# Work item
Any pictures in the records below must be left out when you repeat the lines from the line containing "happy people jumping" through the line containing "Jesse walnoot Lizzely" exactly.
━━━━━ Data
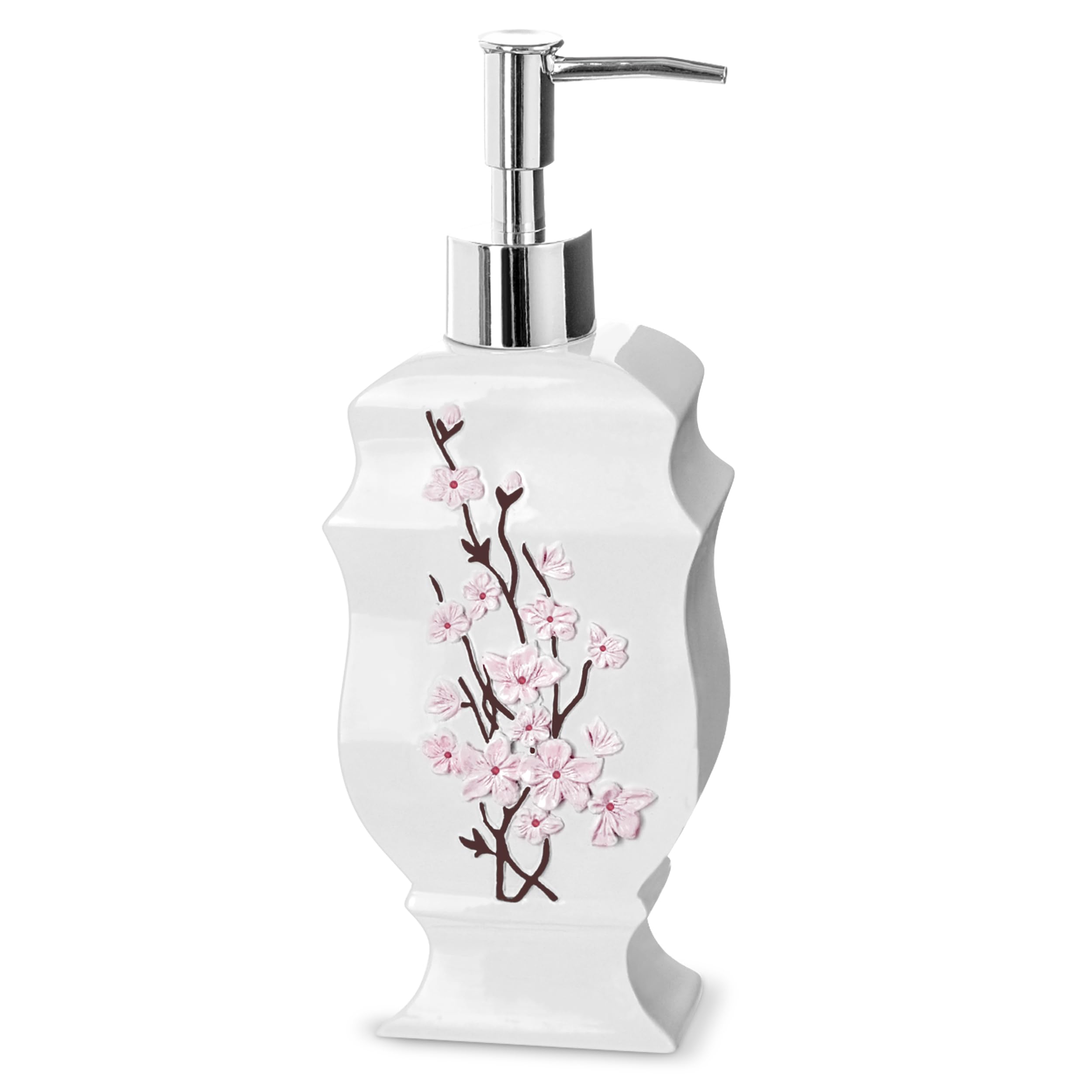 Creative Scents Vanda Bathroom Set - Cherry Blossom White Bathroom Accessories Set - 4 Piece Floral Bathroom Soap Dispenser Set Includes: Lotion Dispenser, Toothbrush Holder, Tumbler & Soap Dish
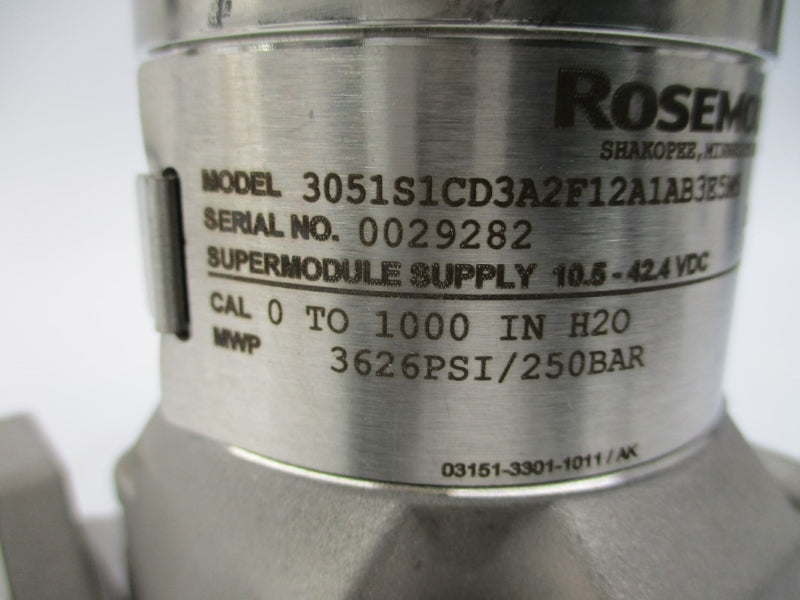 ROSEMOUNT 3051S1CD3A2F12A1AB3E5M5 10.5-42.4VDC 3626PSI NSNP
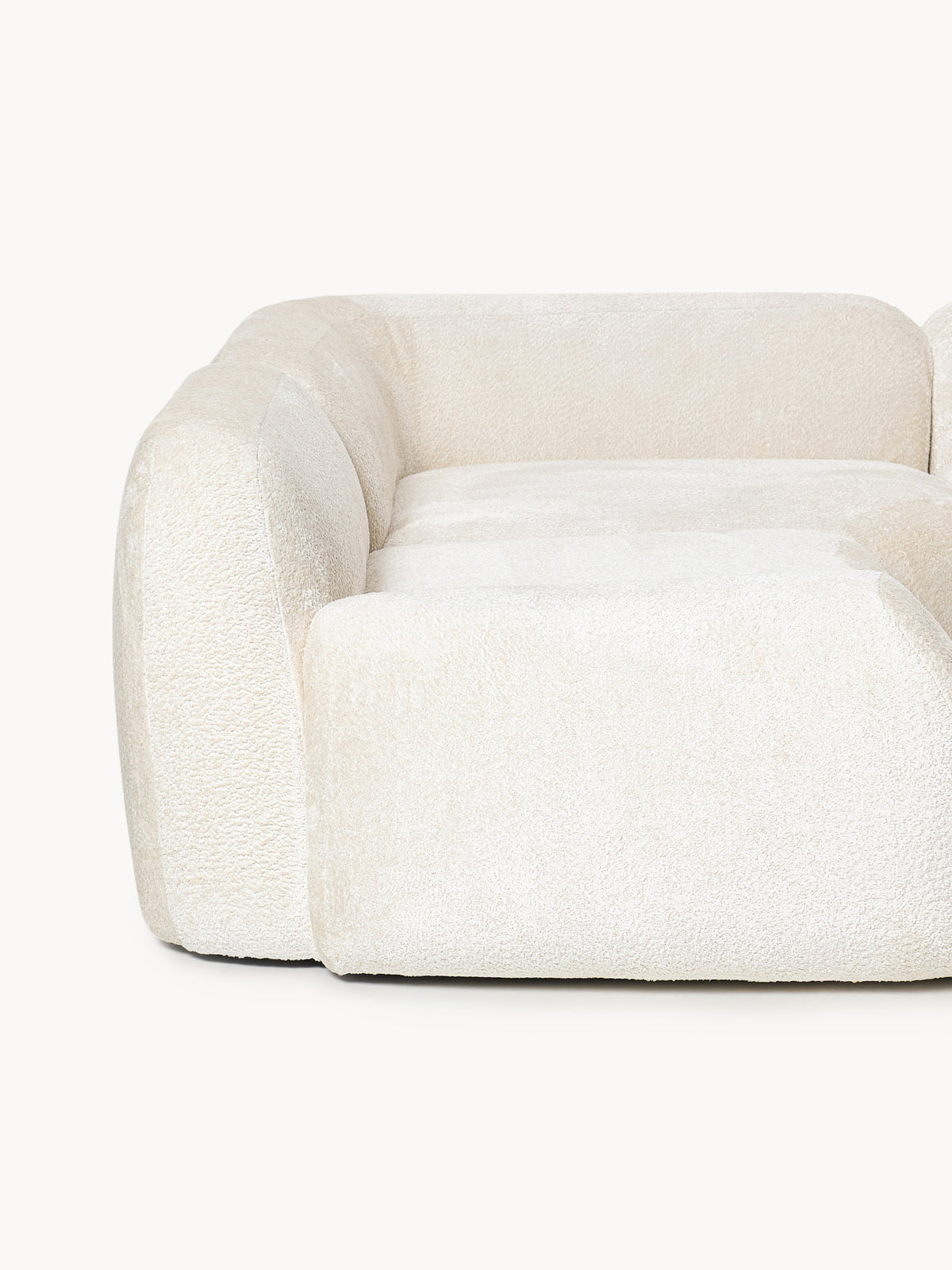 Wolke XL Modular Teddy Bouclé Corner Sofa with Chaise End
━━━━━━━━━━
━━━━━ Data
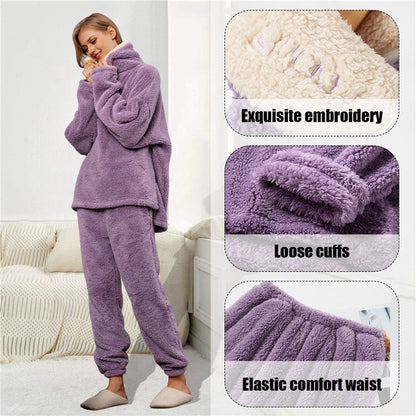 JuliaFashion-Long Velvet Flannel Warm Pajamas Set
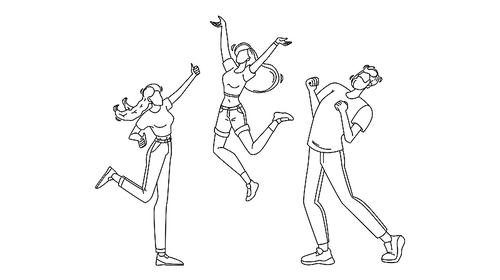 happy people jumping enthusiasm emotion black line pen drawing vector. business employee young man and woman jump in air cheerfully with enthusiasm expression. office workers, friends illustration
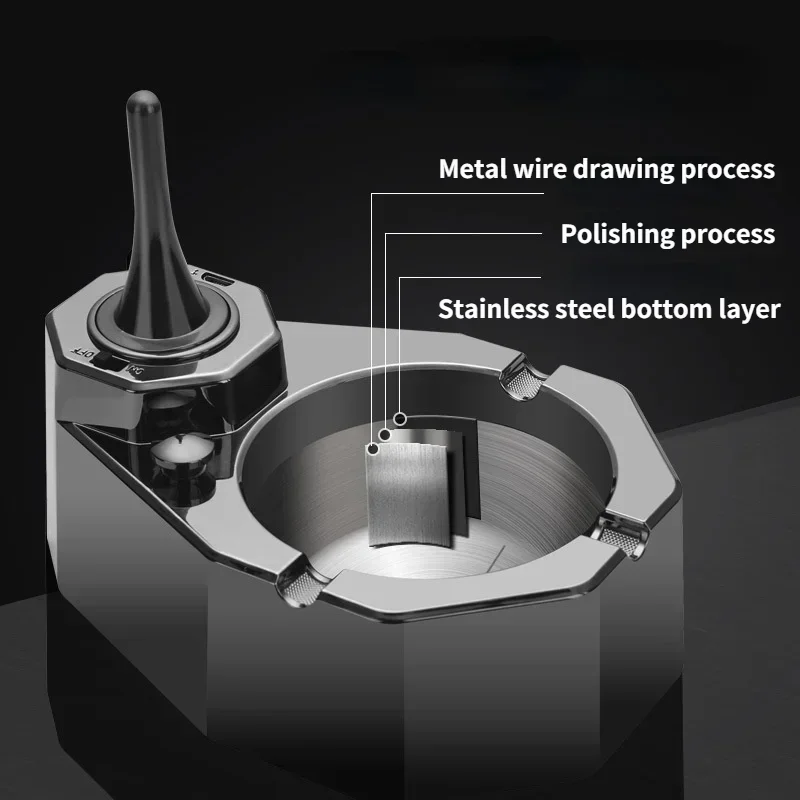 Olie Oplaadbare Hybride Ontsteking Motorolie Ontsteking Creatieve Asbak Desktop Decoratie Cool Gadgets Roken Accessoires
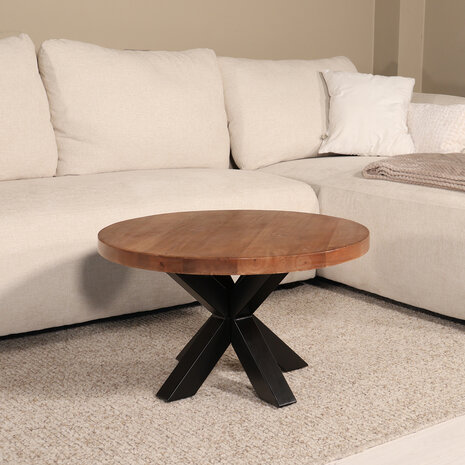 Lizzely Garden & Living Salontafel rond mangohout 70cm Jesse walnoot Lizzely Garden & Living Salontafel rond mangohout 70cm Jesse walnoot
━━━━━━━━━━
━━━━━ Data
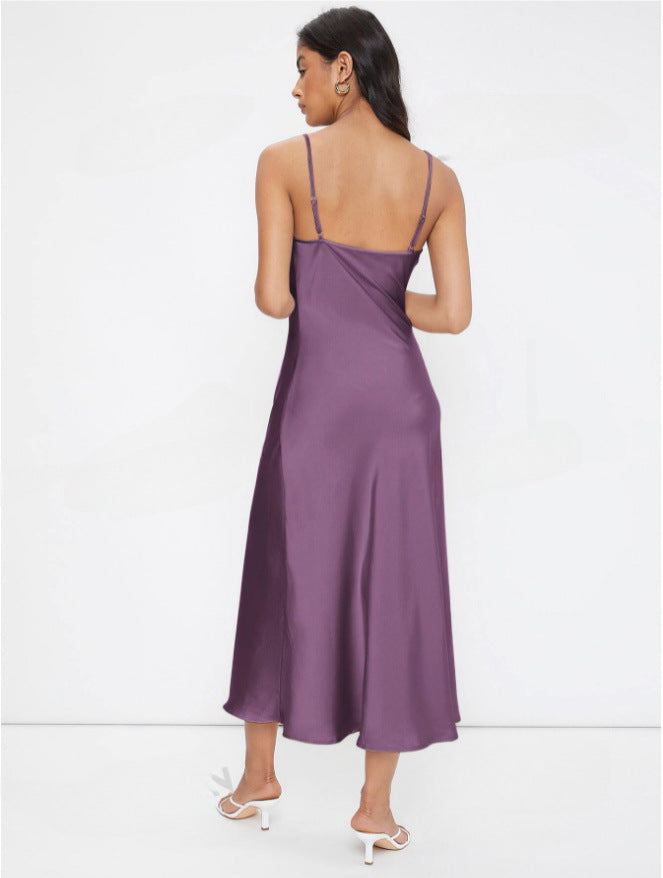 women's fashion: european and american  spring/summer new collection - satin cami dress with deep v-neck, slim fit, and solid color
━━━━━━━━━━
# Solution
 happy people jumping enthusiasm emotion black line pen drawing vector. business employee young man and woman jump in air cheerfully with enthusiasm expression. office workers, friends illustration
 Olie Oplaadbare Hybride Ontsteking Motorolie Ontsteking Creatieve Asbak Desktop Decoratie Cool Gadgets Roken Accessoires
 Lizzely Garden & Living Salontafel rond mangohout 70cm Jesse walnoot Lizzely Garden & Living Salontafel rond mangohout 70cm Jesse walnoot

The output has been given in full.